─── INPUT DATA
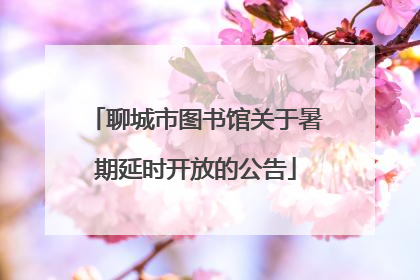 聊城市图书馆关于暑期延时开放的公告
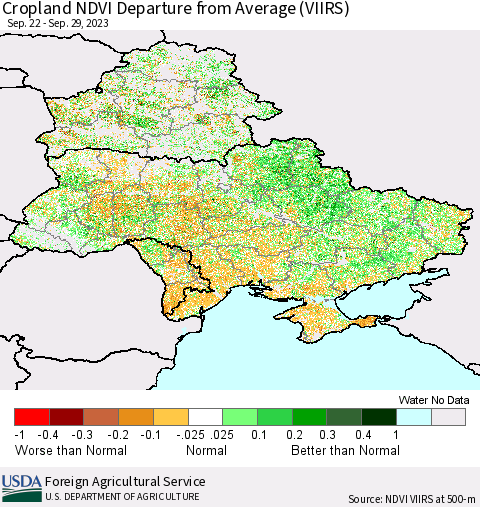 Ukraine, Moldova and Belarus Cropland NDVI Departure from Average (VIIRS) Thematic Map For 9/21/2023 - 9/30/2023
──────
─── INPUT DATA
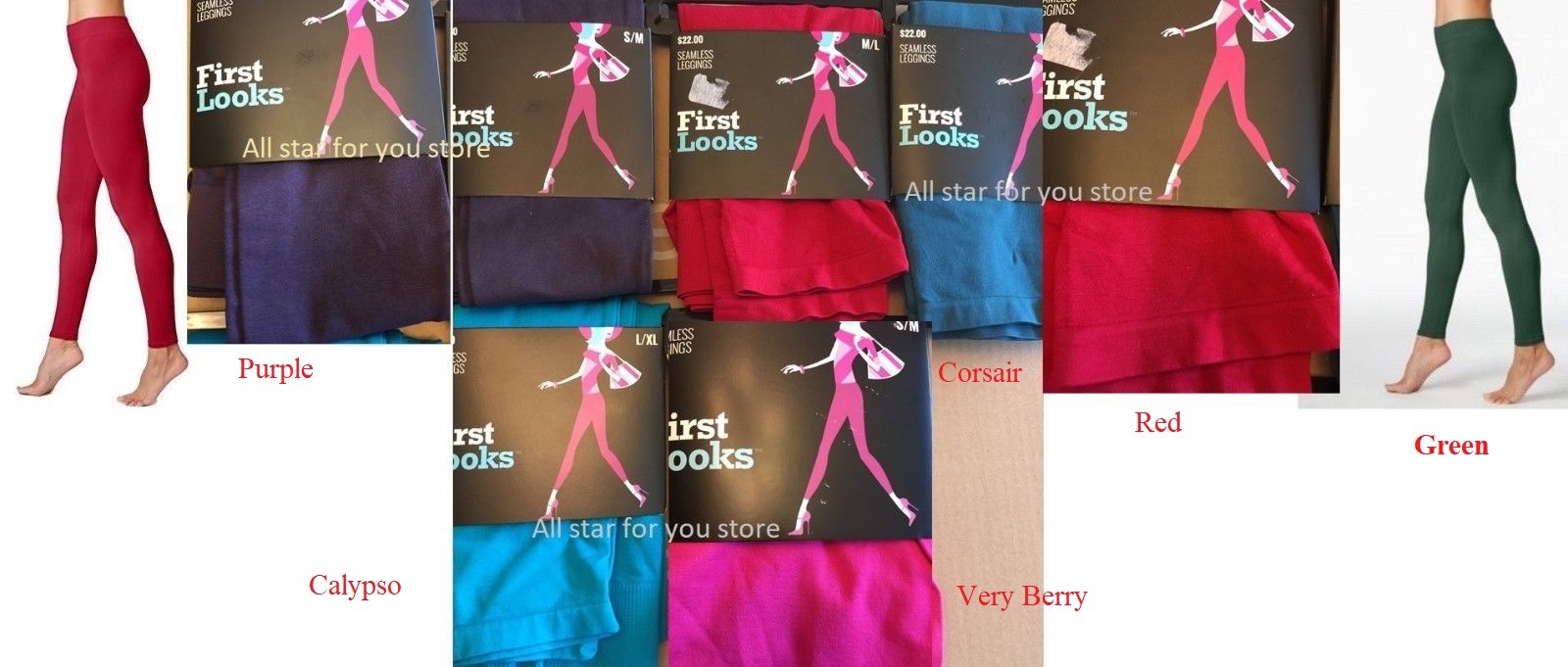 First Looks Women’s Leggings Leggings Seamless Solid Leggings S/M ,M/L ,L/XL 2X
──────
(YOUR ASSIGNMENT): Without the pictures, give again exactly the lines above starting at the line containing "聊城市图书馆关于暑期延时开放的公告" and ending at the line containing "Ukraine, Moldova and".

(EXERCISE RESPONSE):
 聊城市图书馆关于暑期延时开放的公告
 Ukraine, Moldova and Belarus Cropland NDVI Departure from Average (VIIRS) Thematic Map For 9/21/2023 - 9/30/2023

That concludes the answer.